Michalak was hired by Ford on June 23, 1951 at an aircraft engine manufacturing site Ford owned on the Southwest side of Chicago. Today, the site is home of the Ford City Mall, where you can still see the concrete towers where the engines were tested prior to being placed into fighter planes during the Korean War. "We were working on [propeller] engines, then later it was jet engines," Michalak explained. When the engine plant closed, Michalak stayed on with Ford relocating to the then newly built CAP where body panels and parts are made for Ford vehicles across the world. Prior to working at Ford, Michalak learned his trade while serving in the infantry of the U.S. Army during World War II and then working for the Santa Fe Railroad before joining Ford in June 1951.

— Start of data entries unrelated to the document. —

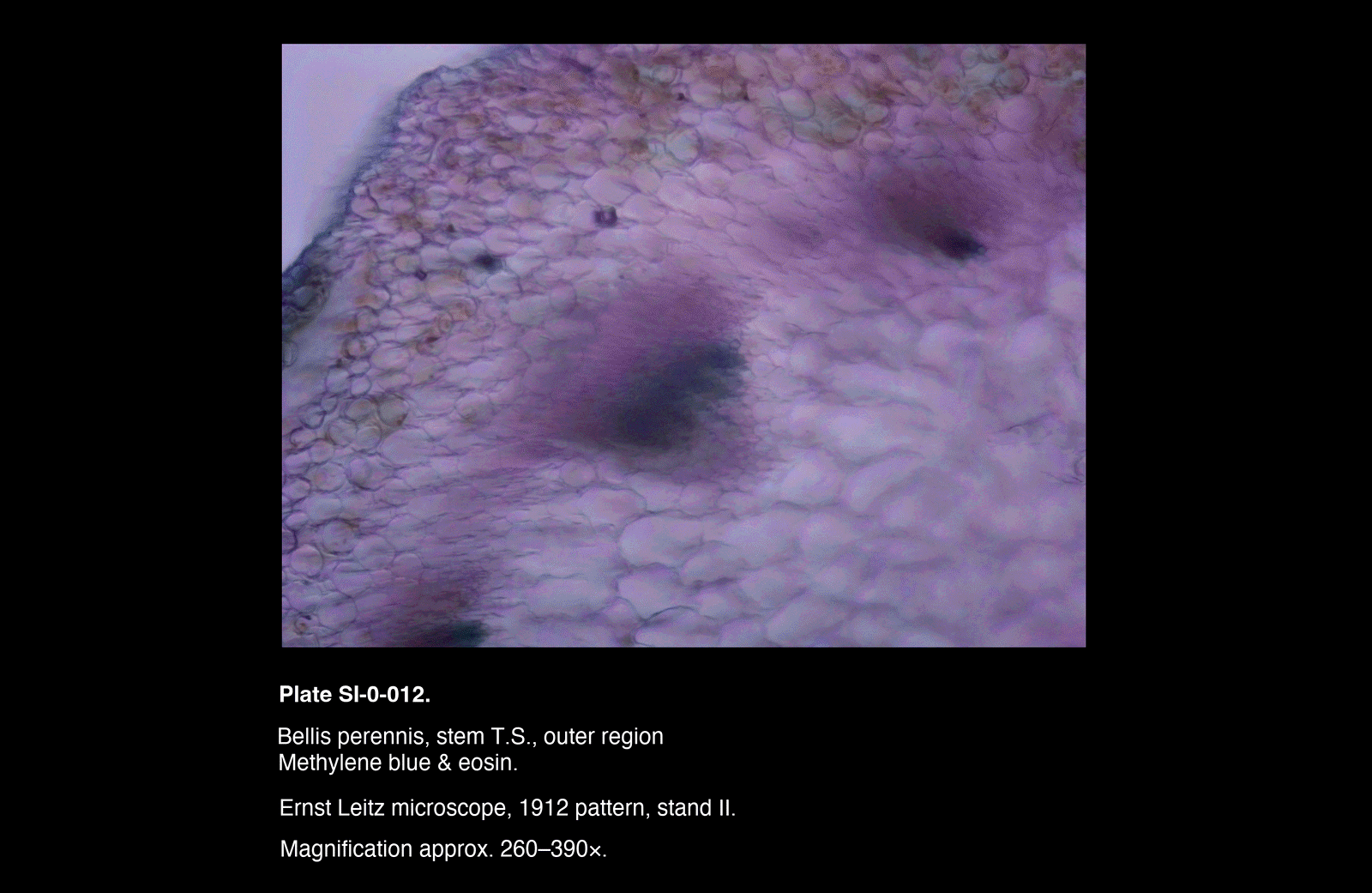 SI-0-012.png – Bellis perennis, stem T.S, outer region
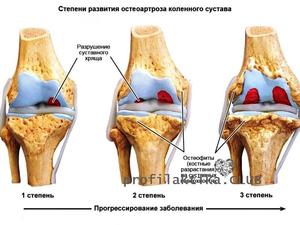 Лечение остеопороза колена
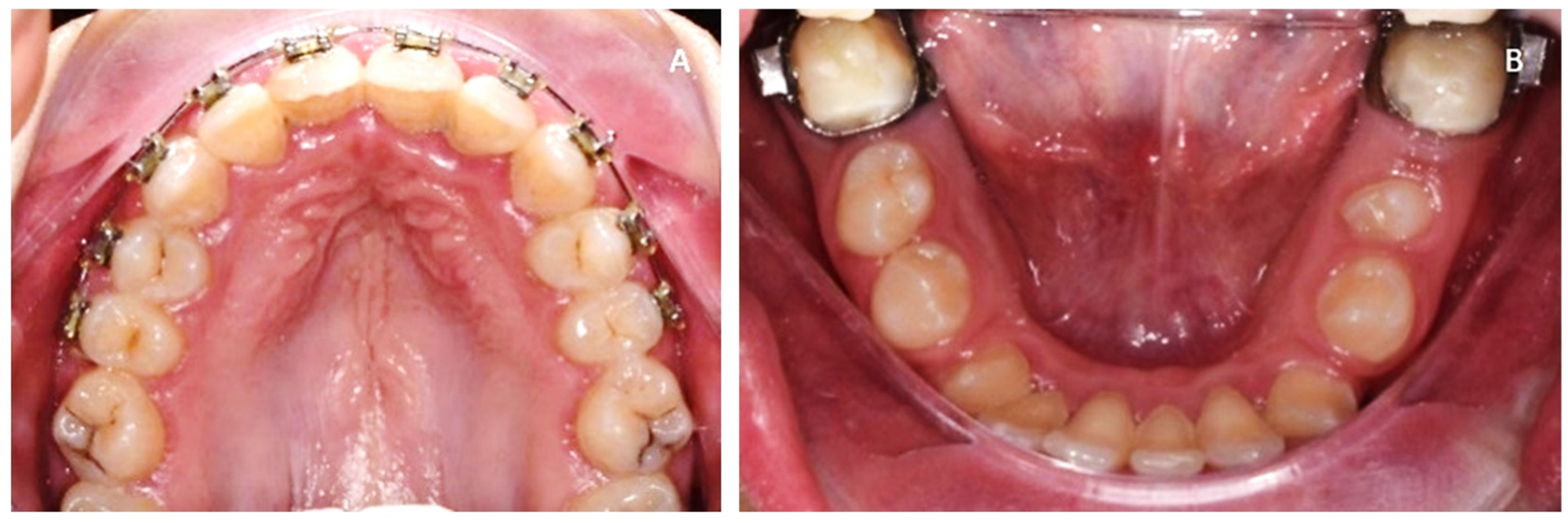 Medicina 57 01350 g007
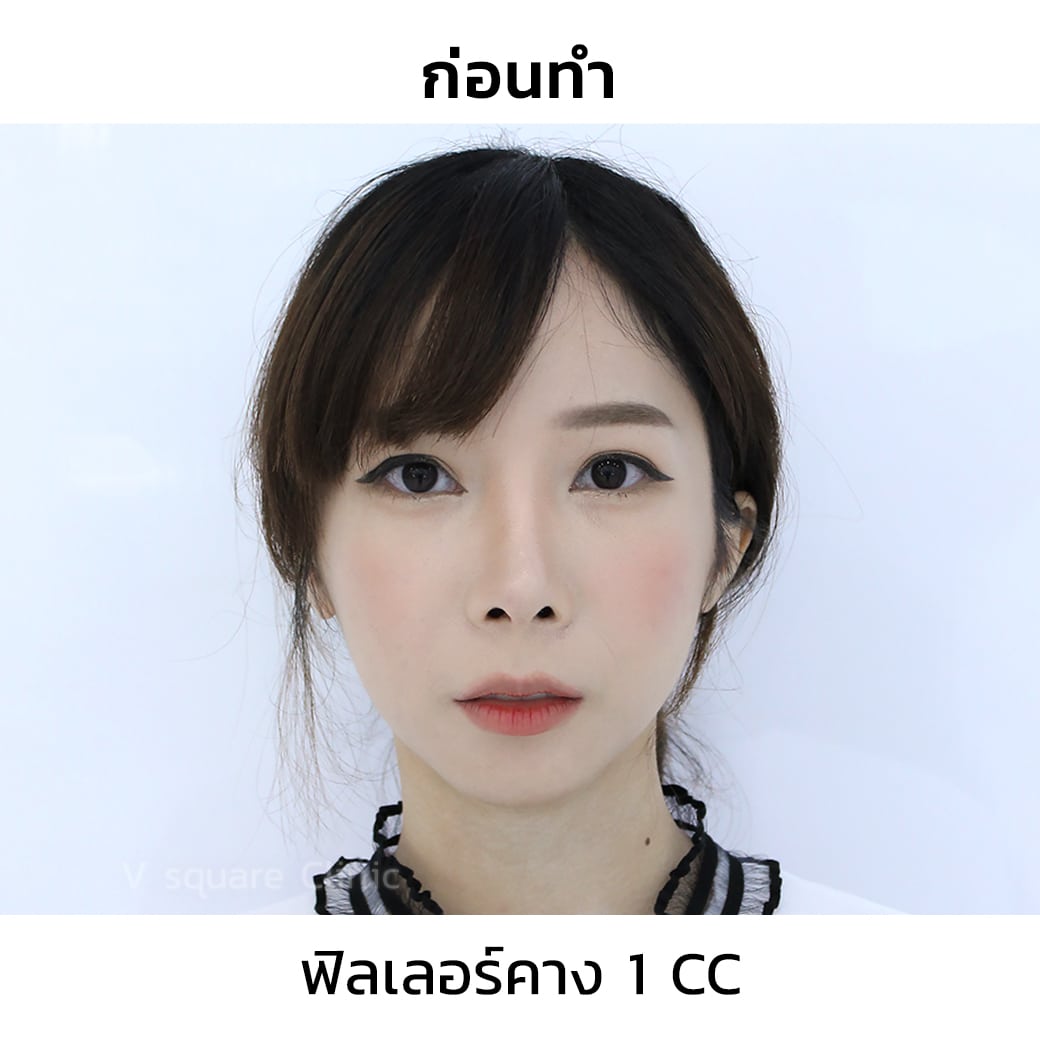 ฉีดฟิลเลอร์คาง 1 CC 01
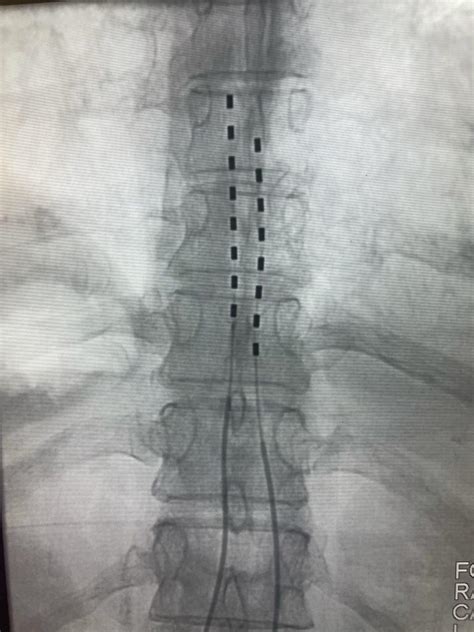 Spinal Cord Stimulator | Interventional Radiology located in Denver and ...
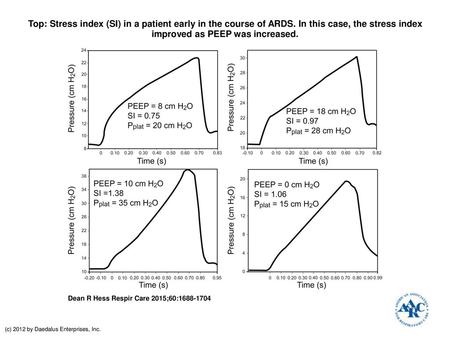 Top: Stress index (SI) in a patient early in the course of ARDS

CSP Plant Manager Gloria Georger described Michalak's dedication as "honorable." During her presentation honoring Michalak, she joked about how many things had changed in the U.S. since Michalak started at Ford, "The average vehicle price was $1,800, a gallon of gas cost $0.27 and the minimum wage rate was $0.75 per hour." Georger also presented a personalized video message to Michalak from Ford President and CEO Alan Mulally congratulating him on his milestone noting, "Harold, you and Ford and Chicago Stamping ROCK!"